Dopo la presa di consapevolezza dell’assoluto dominio di Apple nel settore con oltre il 66% della musica online che passa per le sue piattaforme, non potevano i grandi big dell’informatica lasciarsi sfuggire un’occasione importante come quella rappresentata dal cloud.
Molti i nodi ancora da sciogliere soprattutto a causa della opacità normativa che non permette di distinguere confini delimitati nell’applicazione della legge contro la pirateria.

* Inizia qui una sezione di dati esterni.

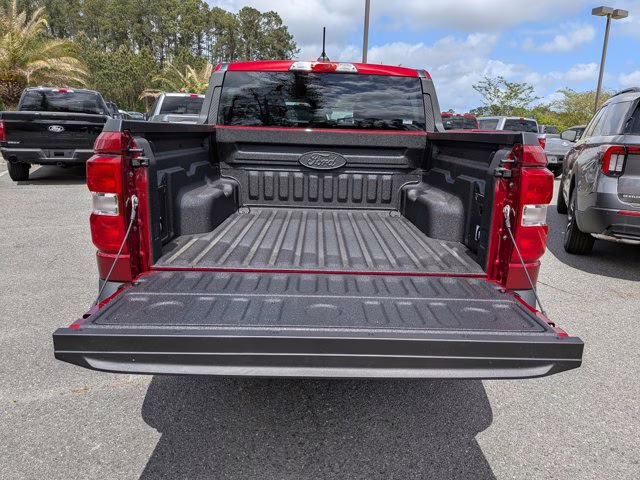 2026 Ruby Red Ford Maverick XLT FWD Truck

Di sicuro l’industria musicale è radicalmente cambiata: dall’avvento di Napster nel 1999 ad oggi, grandi passi sono stati compiuti a livello tecnologico ed informatico ma ben pochi, invece riguardo la normativa e le azioni da perseguire affinché le etichette discografiche riescano a modernizzarsi senza rinunciare al guadagno messo sempre più a repentaglio dalla facilità di aggirare le norme in materia: meno 170 milioni di euro nel 2010 con un crollo del 50 per cento, l’industria musicale viene messa in ginocchio dalla concorrenza sleale della pirateria digitale. Ben venga dunque la nascita di nuove piattaforme, legali e controllate, che permettano simultaneamente di sfruttare le potenzialità tecnologiche offrendo un prodotto legalmente accettato ma a costi contenuti.